# My DC loco is stopping but the wheels are turning



## bdock (Sep 26, 2021)

My Locomotive has started stopping on a slight incline, The wheels are spinning to beat the band, but it cannot seem to get traction. I have tried cleaning tracks, It worked fine before, any ideas?


----------



## Magic (Jan 28, 2014)

Need some more info.
What scale, loco and how many cars you're pulling etc.

Magic


----------



## prrfan (Dec 19, 2014)

Without more info we’re just guessing, but if it worked ok before you may have lost a traction tire off a wheel. Look to see if one or more of the wheels has a deep groove in the surface. That’s where a rubber traction tire was seated. That would cause wheel spinning. 

Adding weight to locos can increase traction. 
Also, check to see if all wheels on your rolling stock or idler (unpowered) wheels on your loco are rolling freely. Sometimes lint or gunk gets built up in the axle pockets and causes a lot of resistance.


----------



## bdock (Sep 26, 2021)

prrfan said:


> Without more info we’re just guessing, but if it worked ok before you may have lost a traction tire off a wheel. Look to see if one or more of the wheels has a deep groove in the surface. That’s where a rubber traction tire was seated. That would cause wheel spinning.
> 
> Adding weight to locos can increase traction.
> Also, check to see if all wheels on your rolling stock or idler (unpowered) wheels on your loco are rolling freely. Sometimes lint or gunk gets built up in the axle pockets and causes a lot of resistance.

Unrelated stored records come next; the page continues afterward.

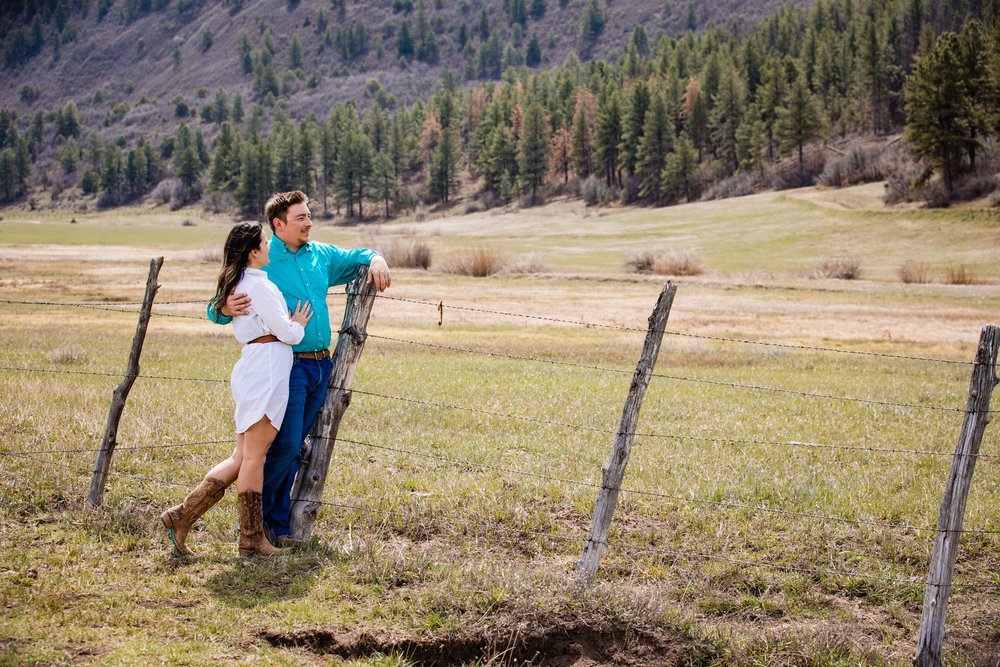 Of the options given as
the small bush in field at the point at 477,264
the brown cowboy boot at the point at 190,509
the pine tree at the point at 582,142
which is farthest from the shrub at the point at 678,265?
the pine tree at the point at 582,142

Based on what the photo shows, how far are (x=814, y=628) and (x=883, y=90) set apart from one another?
130 metres

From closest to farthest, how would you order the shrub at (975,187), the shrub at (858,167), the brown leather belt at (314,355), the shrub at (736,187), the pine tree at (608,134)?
the brown leather belt at (314,355) → the shrub at (975,187) → the shrub at (858,167) → the shrub at (736,187) → the pine tree at (608,134)

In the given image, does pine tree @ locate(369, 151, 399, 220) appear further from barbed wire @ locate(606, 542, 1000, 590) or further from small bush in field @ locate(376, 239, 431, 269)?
barbed wire @ locate(606, 542, 1000, 590)

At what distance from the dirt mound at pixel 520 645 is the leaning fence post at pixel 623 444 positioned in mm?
429

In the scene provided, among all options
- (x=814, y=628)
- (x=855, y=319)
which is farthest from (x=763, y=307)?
(x=814, y=628)

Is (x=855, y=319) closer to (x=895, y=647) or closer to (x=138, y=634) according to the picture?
(x=895, y=647)

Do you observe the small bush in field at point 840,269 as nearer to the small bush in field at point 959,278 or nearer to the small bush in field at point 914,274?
the small bush in field at point 914,274

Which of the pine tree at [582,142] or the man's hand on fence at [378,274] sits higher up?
the pine tree at [582,142]

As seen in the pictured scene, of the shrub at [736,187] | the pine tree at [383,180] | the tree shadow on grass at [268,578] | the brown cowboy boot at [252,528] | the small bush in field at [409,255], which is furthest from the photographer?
the pine tree at [383,180]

It is an N scale Bachmann. Durango Silverton pulling the 3 cars is came with. I will look into the solution. How would one add weight to the loco. I also have a Co Cor Galloping Goose, which is too light to grab traction.


----------



## prrfan (Dec 19, 2014)

How steep is your incline? We usually recommend keeping them to 1.5-2% max. Any steeper might cause problems.
Adding weight to steamers is problematic because of space issues under the shell. Im unfamiliar with that model but maybe another member who has that loco might have some ideas.
Also check to make sure a car isn’t getting hung up at the base of the incline.


----------



## bdock (Sep 26, 2021)

prrfan said:


> How steep is your incline? We usually recommend keeping them to 1.5-2% max. Any steeper might cause problems.
> Adding weight to steamers is problematic because of space issues under the shell. Im unfamiliar with that model but maybe another member who has that loco might have some ideas.
> Also check to make sure a car isn’t getting hung up at the base of the incline.

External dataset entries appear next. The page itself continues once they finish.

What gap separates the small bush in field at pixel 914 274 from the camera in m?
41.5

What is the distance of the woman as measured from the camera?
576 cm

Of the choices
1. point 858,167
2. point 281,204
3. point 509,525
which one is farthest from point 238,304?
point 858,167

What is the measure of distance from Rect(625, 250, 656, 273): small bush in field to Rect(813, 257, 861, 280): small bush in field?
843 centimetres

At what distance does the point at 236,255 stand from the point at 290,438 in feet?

The incline is barely noticeable, just the ground level trestle


----------



## Dennis461 (Jan 5, 2018)

Check your cars, maybe a wheel or two is stuck


----------



## JeffHurl (Apr 22, 2021)

Dennis may be onto something. Could your train be getting caught on something, or is it truly just the incline causing the train to stay put?


----------



## OilValleyRy (Oct 3, 2021)

Coupler “hose” hitting the track where the incline begins? Droopy couplers are the bane of us all.


----------



## bdock (Sep 26, 2021)

Great Ideas everyone, I have my work cut out for me


----------



## GTW son (12 mo ago)

I had a loco doing that, in my case the tab that holds the loco's body to the deck had popped out forcing the deck onto the wheels on one side.
Re-aligned and snapped the tab back into the deck, smooth sailing ever since.


----------



## mesenteria (Oct 29, 2015)

Believe it or not, track geometry changes over time. It might be that there is a significant sag there and the truck(s) take enough of the loco's weight to help the drivers to spin. If I don't watch, especially when I'm first laying the track, and leave long spans unsupported by risers, then the tracks can sag atop the sagging sub-roadbed, usually 1/2" ply in my case. Or, the tracks can sometimes roll and raise one rail a bit too much, say by adhesive letting go on one side. Or the plywood is under torsion a bit screwed hard to a riser, and the result over time is that the sub-roadbed develops a torsion roll which the well-adhered tracks adopt as well.

Look at track joints. Maybe one rail end is slightly out of line now and snags a flange on a slightly wide axle. 

Does the loco stop abruptly, like it has come up against something that snags it firmly? Coupler trip pins can get in the way suddenly, as has been mentioned. The reveal is if you keep slight pressure on the locomotive and attempt to 'help' it advance, but it firmly resists even your help. There's definitely a catch if that is the case.

Contaminants on either the driver tires, the rails, or both.

So, there are several things to rule out.


----------



## pmcgurin (Sep 7, 2010)

This sometimes happens to me when the track needs cleaning.


----------